俺はポテチを手にしたまま間抜け顔で硬直する。
「と言いますと?」
「そうですね。分かりやすく言うとこの場で、出会い系サイトを使ったアプリで各々が会員登録し、女性とチャットしてその女性を恋に落としてもらうバイ。」
「なんでそんなことしなきゃいけないの!?」
なんの脈絡の感じない湯江の説明に俺は盛大にツッコミを入れる。
そして湯江は深刻な面持ちで俯き始める。
「今この地域では少子化が加速しており深刻な問題になってるバイ。なので少しでもそれを解消しようとあれやこれやと手を打っているのですが八方塞がりなのですバイ。
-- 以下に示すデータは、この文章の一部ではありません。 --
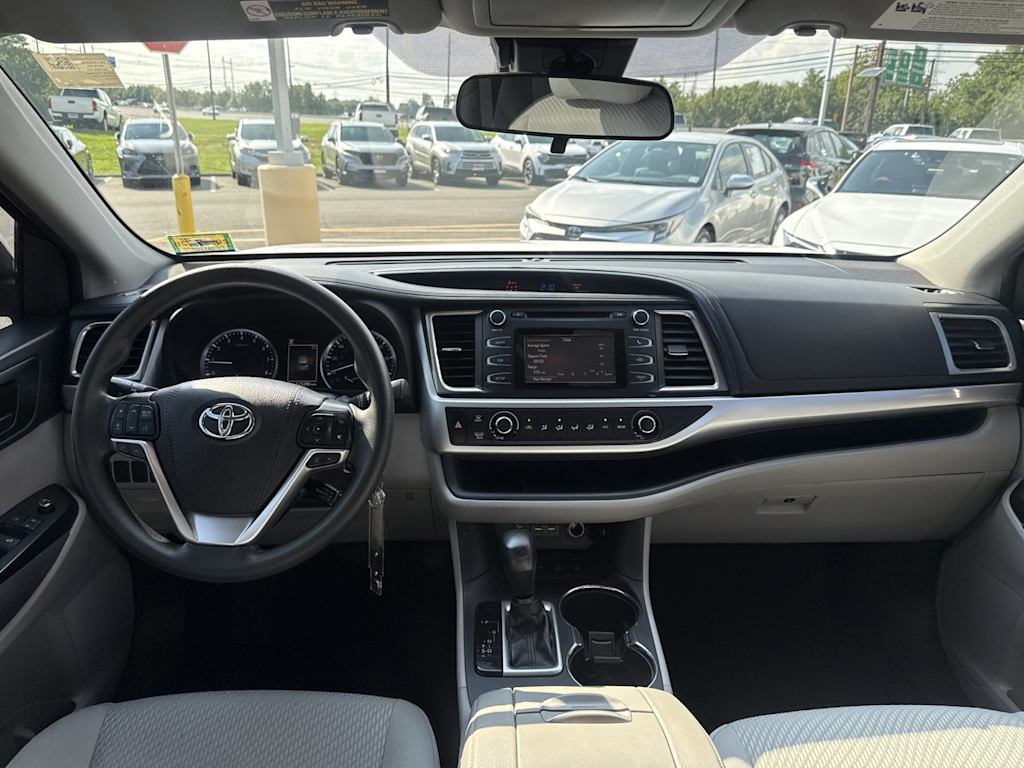 Thumbnail: 2019 Toyota Highlander - 13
なので手段は択ばず我が社で恋愛に悩んでいる初心な若人たちの変わりにアチキ達が女性の心を射止めその若人たちに紹介するバイ」
「ちょっと待って!そもそも出会い系サイトって18歳未満は利用できないはずじゃ!?」
湯江の淡々とした説明に俺は待ったをかける。
「今回の案件に関しては我が社はヒーリング会社ならぬサイコスピリチュアルとして活動するバイ。これならここにいる全員が合法としてこのサイトを安心して活用できるバイ」
「できるか!!!そもそも俺らはお前の社員じゃないし!おまけに裏稼業のスタイルでなら法に触れる事を合法として取り扱えるなんてルールないからな!!」
ドヤ顔で自信満々に言う湯江に俺は心の奥底から噴火するんじゃないかと言う盛大なツッコミを入れる。